Thursday, September 24, 2009

"Story of a Writer - Part Twenty-Seven"

I haven’t done one of these in a while. At least, not formally. I mean, when you think about it, every story I tell is the story of a writer. I’m the writer. And I’m telling the story. What else could it be?

But the “Story of a Writer” oeuvre was constructed to focus on my career. I’ve felt reluctant to hurry too quickly down that road, which I estimate is close to eighty per cent completed, because if I complete chronicling my career, readers who were drawn here only because of that aspect of my blog will go away, and I’ll end up with fewer readers, and fewer readers is not what I’m shooting for.

There’s also, well, what I wrote yesterday about specialization. (This point is particularly petty and spiteful.) It rankles me that only my pronouncements on writing are perceived to have value. It makes me want to withhold my wisdom in that area until the world surrenders and says,

“Okay, Earl. We’ll listen to you about everything.”

Yeah, well that’s really mature.

Who said I was mature? You want “mature”, read Paul Krugman.

All right. Enough.

I was working at Paramount, on what ultimately became two consecutive two-year development deals. My primary responsibility was to come up with ideas for new half-hour comedy series. During that period of employment, I also participated in two on-the-air television series, Lateline, co-created (with John Markus) and starring now Senator Al Franken, and Kristin, starring Broadway musical icon, and recent Emmy winner, Kristin Chenoweth. (As a favor to the studio, I additionally served as a one-day-a-week consultant on a Paramount comedy called Goode Behavior, starring Sherman Hemsley, an assignment which I’ll quarantine from the shows I cared about by enclosing it in brackets.)

Like the songs I’ve made up – and I’ve made up less than a handful – series ideas come to me when they come to me. I can’t force them to materialize. There is, however, a structuring external schedule involved. When I was working, there were two “pitching” periods per year, times when you could “pitch” your series ideas to the networks. If successful, these “pitches” would evolve into series debuting in the fall, or as mid-season replacement series.

The rest of the time, writers with development deals either pitched in as consultants in on series the studio currently had on the air, or they took extended naps until the next pitching period. I specialized in the latter. I believe the studio was aware of my marathon snoozes and didn’t care that much, my evidence being that, every year, they’d send me a blanket as a Christmas present.

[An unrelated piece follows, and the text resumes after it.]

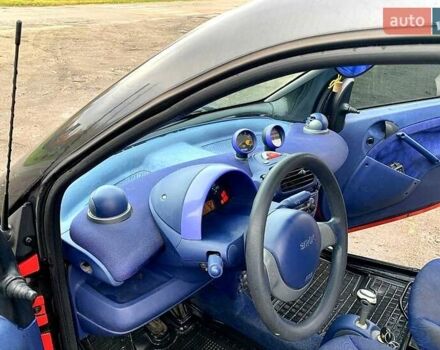 Смарт Форту 1999 в Пирятине на Automoto.ua Красный Смарт Форту, объемом двигателя 0.6 л и пробегом 168 тыс. км за 4500 $, фото 1 на Automoto.ua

Of course, there’s always the impetus of guilt. I mean, you see studio executives in the commissary every day. Their hands may be waving a friendly “Hello” from across the room, but their no-nonsense eyes are inquiring, “What have you got for us?” You both know they’re paying you big bucks to come up with those series ideas. Finally, your foot-dragging imagination groans a begrudging, “O…kay”, and it does.

I came up with a notion about a guy with a family (I think everything I ever created was a family show, with one exception, which was an idea called Bob’s Basement, about a man who lives in a basement apartment with his pet falcon, and has this magical television that transforms the humdrum occurrences of his workday to conform with the formats of specialized channels, such as the “‘Cool Bob’ Channel”, the “Honesty Channel”, “Bobby’s Cartoon Channel”, “Bobby After Dark”, and the “Revenge Channel”, to name just a few. Everyone who read Bob’s Basement hated it. Except me.)

The main character for the series was a psychologist working in a major Northeastern metropolis. He made good money, but his clients are everyday neurotics who provide little excitement or professional challenge. Bored and burnt out, the psychologist decides to reconfigure his life, relocating his family from the Big City to his small, “Rust Belt”-blighted hometown, where he takes a job working as a “Human Resources Coordinator” at a struggling factory, badly in need of a shot in the arm.

A one-sentence summary:

Seeking to reinvigorate his life, a psychologist returns to his hometown, taking a job at a demoralized and financially troubled factory, populated by workers who used to beat the psychologist up in High School.

I called the show Company Man.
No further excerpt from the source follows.